Mas o café é o meu melhor amigo.
Até pouco tempo atrás a gente não se entendia bem: era caso de família, coisa freudiana mal resolvida. É que nasci numa família em que as pessoas entornavam litros de café por dia. Meu primo colocava um copo duplo de café na geladeira e esse era o café gelado dele, tomado meia hora após o café regular, o quente.
Na minha família só variam quanto ao café fraco ou forte. Eu desdenhava o café, tomando esporadicamente, mas era para ser do contra, não era assim um gosto tomado conscientemente, era falso.
Depois da psicanálise vi que gostava, sim, de café, mais do que eu admitira. E era aquele negócio: o meio-amargo. Café com adoçante para sentir o travor, o sabor. Café com açúcar se feito em coador, para sentir a plenitude. Café gelado para o amor. Não tem coisa mais amorosa que um café gelado, compartilhado ou solitário: uma guloseima romântica, quente e frio, amargo e doce, enfeitado, com chantili, com beleza: um amor.
Amor tem que ser o que é um café gelado: quente e frio. Amargo e doce. E tem que deixar um sabor na boca quando acaba, convidando a outro ou dando a sensação de saciedade: acabou.
E aconteceu do Bistrô ser justamente onde outrora fora a boate a que nós três frequentávamos: eu, a amiga interesseira, a irmã dela...
Sentamos lá e ficamos olhando e recordando que aquele sofá estava onde ficava o sofá da boate. E que onde havia uma coluna eu me escondi para não dar rolo entre Thales e Ninno, ainda era coluna decorativa.
E ela,a amiga, lembrou de quando fugiu da boate sorrateiramente com outro e voltou, depois, para “o mesmo”, sem que ele percebesse o ocorrido, em manobras cafajestes que mui orgulhosamente reforça a aptidão feminina a pensar em detalhes e tecer narrativas críveis a homens convencidos.
Lembramos os tempos idos, as aventuras, as durezas, os acertos e desacertos das decisões tomadas e sofridas.

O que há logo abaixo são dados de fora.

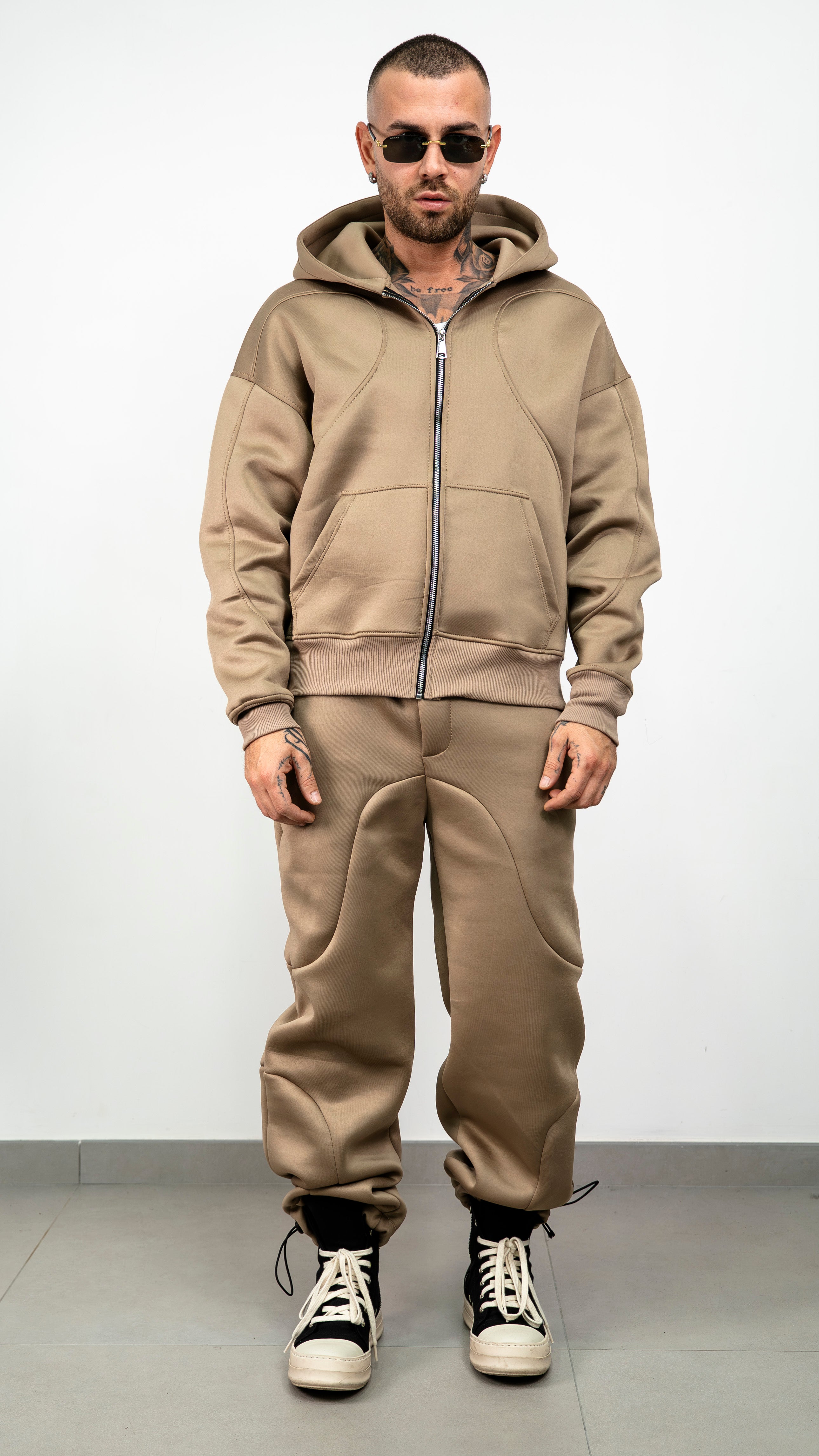 Coordset scuba bunker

Um amigo é sempre um amigo, apesar dos defeitos. O que me deixou irada foi ela fingir não ter dinheiro para forçar que eu pagasse a conta. Pagaria, sim, se fosse o combinado, sem reclamações. Mas, enfim, a situação foi tremendamente vexatória e eu entrei no jogo e paguei a conta. E tudo isso por um detalhe: quando fui registrar as compras da minha amiga interesseira, a moça do caixa me ofereceu 900 reais de empréstimo. Eu disse que não queria, que não precisava. E isso foi ouvido por ela. Então, deu no que deu.
Costumo ser generosa com meus amigos, mas não sou generosa com os interesseiros, não: acho absurdo alguém querer obter lucro de mim. Já me bastam os trabalhos que levam minha mais-valia (salve, Karl Marx!).
Nisso de gasto e nostalgia lembramos a Praia do Forte, os réveillons, as curtições todas, os casos, os amores e constatei que já não somos quem éramos, talvez porque eu fosse mais inocente mesmo e não acreditasse em certas coisas que o tempo confirmou aos meus olhos. Mas, no resto, eu posso dizer aos meus amigos: vão ao Café Bistrô que lá o café é excelente. E pensem seriamente em ir, no próximo sábado, ao Antiquário, porque tem show da banda 80 na pista. Eu irei, se Deus quiser e o dinheiro der.
E cá estou com saudades do meu grande amigo café, que amo bem mais que os comparsas chocolate quente e cappuccino. E ele é realmente um amigo para todas as horas.